It is easy for the symbolism of objects to be lost when there are too many on the altar. The Prayer Book assumes that there will only be one chalice and one paten on the altar during the Great Thanksgiving in accordance with the symbolism of one bread and one cup. A clear glass pitcher or a flagon with wine may be placed on the altar at the Preparation of the Gifts if more wine will be needed for communion. Further empty chalices and baskets or patens can be brought up as needed at the time of the distribution of communion. The consecrated bread and wine is then placed in these.
Supplementary consecration is normally unnecessary. “Care should be taken to ensure that sufficient bread and wine is placed on the holy table” (page 516). Although the Roman Catholic Church normally reserves the Sacrament, liturgists of that church deprecate the practice of administering from the reserved Sacrament in a Eucharist. Our Prayer Book also emphasizes that people have a right to receive the Sacrament which has been consecrated during that celebration. It highlights the purpose of reservation as being “for the communion of persons not present” (page 516).
Only in the Eucharistic Liturgy Thanksgiving for Creation and Redemption does the Prayer Book require a prayer at the Preparation of the Gifts.
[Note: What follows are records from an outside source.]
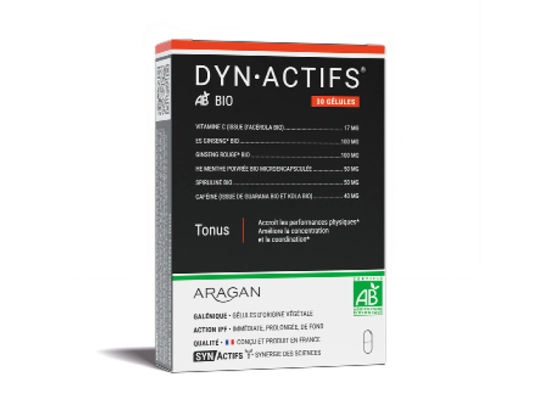 Synactifs DynActifs BIO - 30 gélules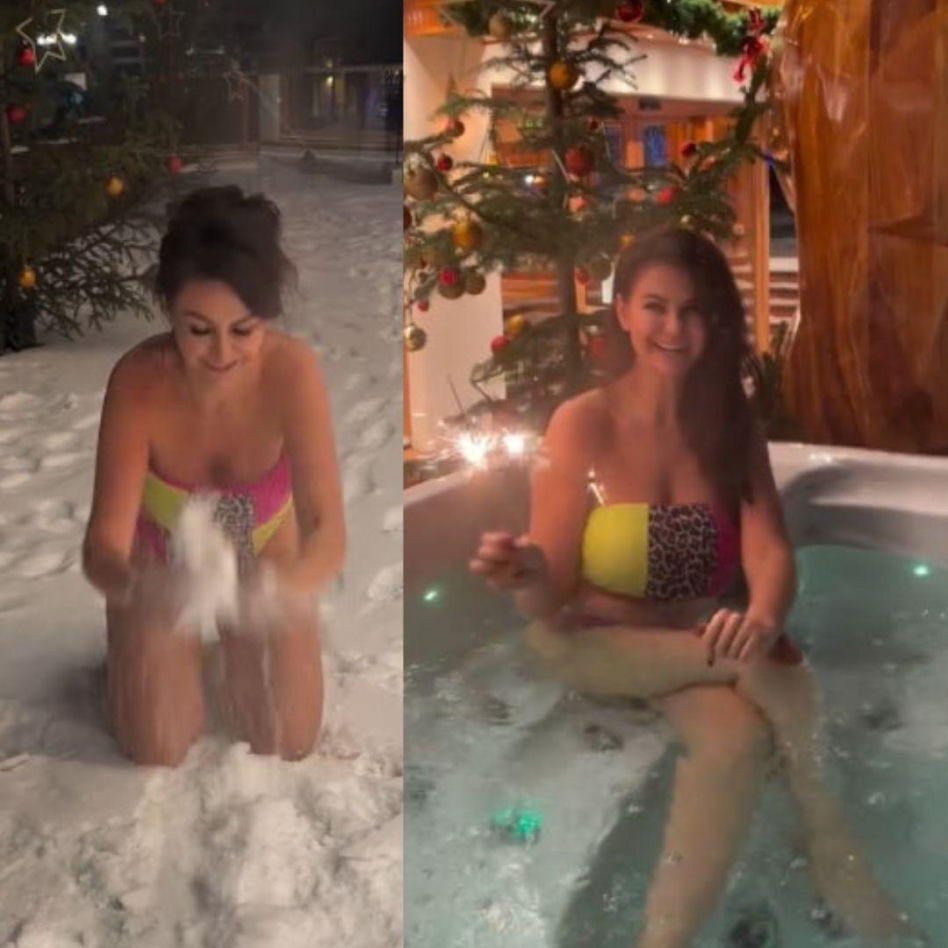 Półnadzy Rutkowscy w jacuzzi pod Tatrami! Wiemy, że na to czekaliście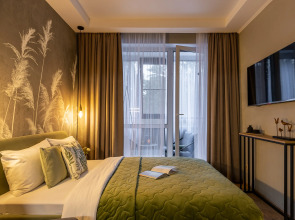 Квартира Студия с Качелью в Зеленогорске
The other rites all allow for this preparation to be done without a verbal prayer. This simplifies and clarifies a part of the liturgy which, through centuries of accretions, had developed much complexity.
At the Preparation of the Gifts bread and wine are taken in order that thanks may be offered with them. Any prayer at the Preparation is in danger of anticipating the Great Thanksgiving. It is in the eucharistic prayer that thanks is given and the gifts are “offered” (hence the Greek word for the eucharistic prayer is the “anaphora” the “offering”).
It is because of this that the Roman Missal encourages the priest to pray the prayers during the Preparation of the Gifts quietly rather than aloud. At this point our own Prayer Book seems to depart from modern liturgical consensus when it instructs that “the priest may offer praise for God’s gifts in the following or other appropriate words” (page 420). The prayer which follows obviously derives from the Roman Missal. However, scholarly liturgical opinion would have the Great Thanksgiving as being the prayer in which the priest offered “praise for God’s gifts.” Furthermore, there is no description of what sort of words would be “inappropriate.” In defence of the rubrics it is to be noted that the prayers on page 420 are all optional, and so may normally be omitted.
In some communities there is more ceremony associated with the collection of money than would ever be considered appropriate for the eucharistic bread and wine! In the way that the collection and/or bread and wine is passed from person to person some places may appear to give the impression that the chancel and more especially the sanctuary are clerical spaces which only clergy (or at least those who are robed) may enter. Such practices merit serious reflection.
There is a wide variety of ways of preparing the gifts. The following description is only one of a number of possibilities, and not every celebration needs to be identical.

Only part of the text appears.